Abstract

On occasion, advanced invasive procedures in pre-hospital care can be life saving. This study aimed to identify the contemporary use of these procedures on a regional doctor-led air ambulance unit, and to define the need, skill set and training requirements for a regional pre-hospital team in the UK. Mission data were recorded prospectively and the database reviewed to identify invasive procedures over a 76-month period. These cases were reviewed with indications, mechanism of injury, presence of cardiac arrest at any time point (±return of spontaneous circulation) and procedural failure or morbidity. Two hundred and thirty-five procedures were performed: 16 for injuries affecting the airway, 111 for breathing and 108 for circulation. Almost a third of patients in cardiac arrest regained spontaneous circulation. Procedures performed increased fivefold from 2003 to 2009, with a marked increase in the use of thoracostomy and intra-osseous access.
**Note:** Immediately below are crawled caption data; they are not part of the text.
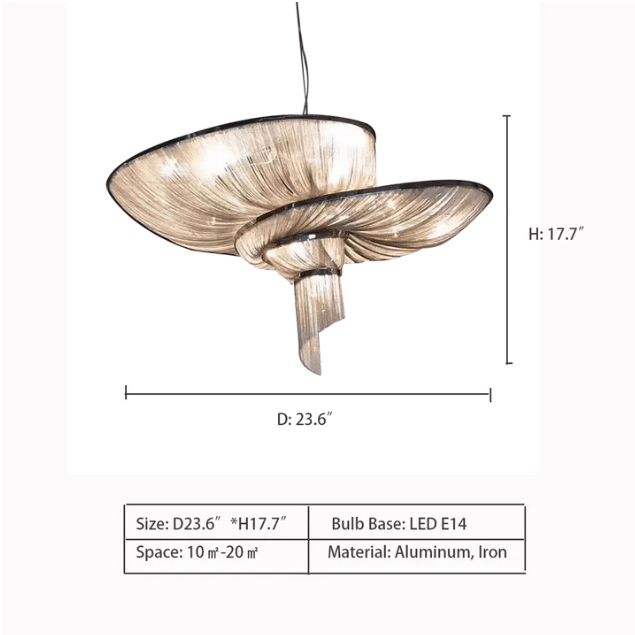 Oversized Art Fashion Spiral Tassel Aluminum Chain Chandelier for Living Room/Foyer - Zelno Lighting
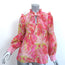 LoveShackFancy Blouse Ronalda Pink Floral Print Cotton-Silk Size Extra Small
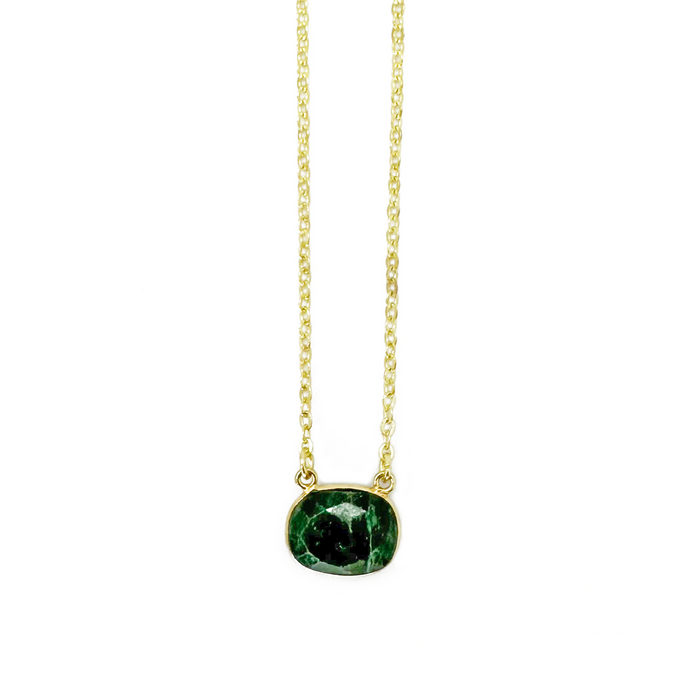 Gold Plated Necklace -Mica Green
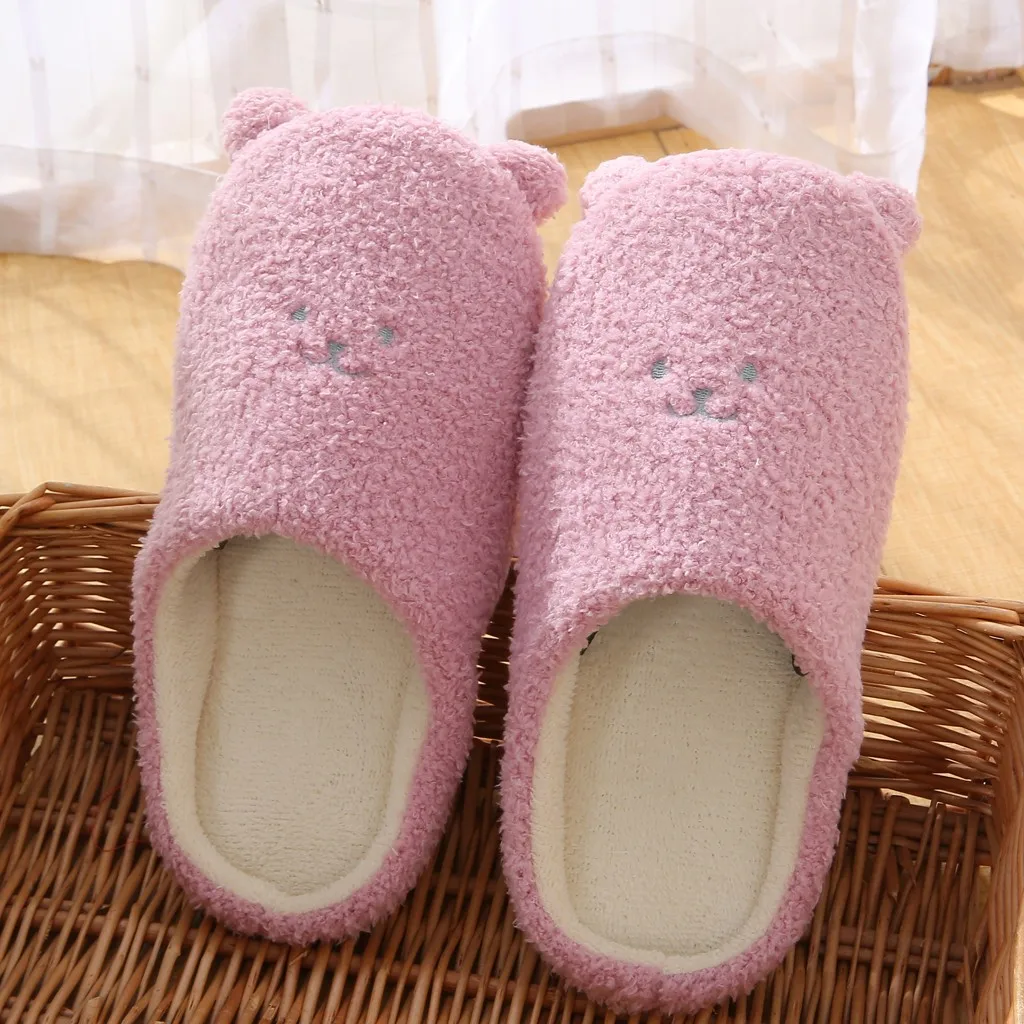 JAYCOSIN New Indoor Home Floor Soft Women's Shoes Warm Cute Animal Bear Winter Fur Slip-On Cotton Slippers A513 | Обувь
Procedural failure or inadequacy was high with needle cricothyroidotomy, needle chest decompression and early intra-osseous access experience. A steady increase in the number of procedures was observed over time. Less invasive methods of airway and breathing support were frequently inadequate, though definitive surgical airway or chest decompression was effective each time it was performed. Thoracotomy was performed infrequently. There are implications for the training of pre-hospital doctors who work in the majority of the UK.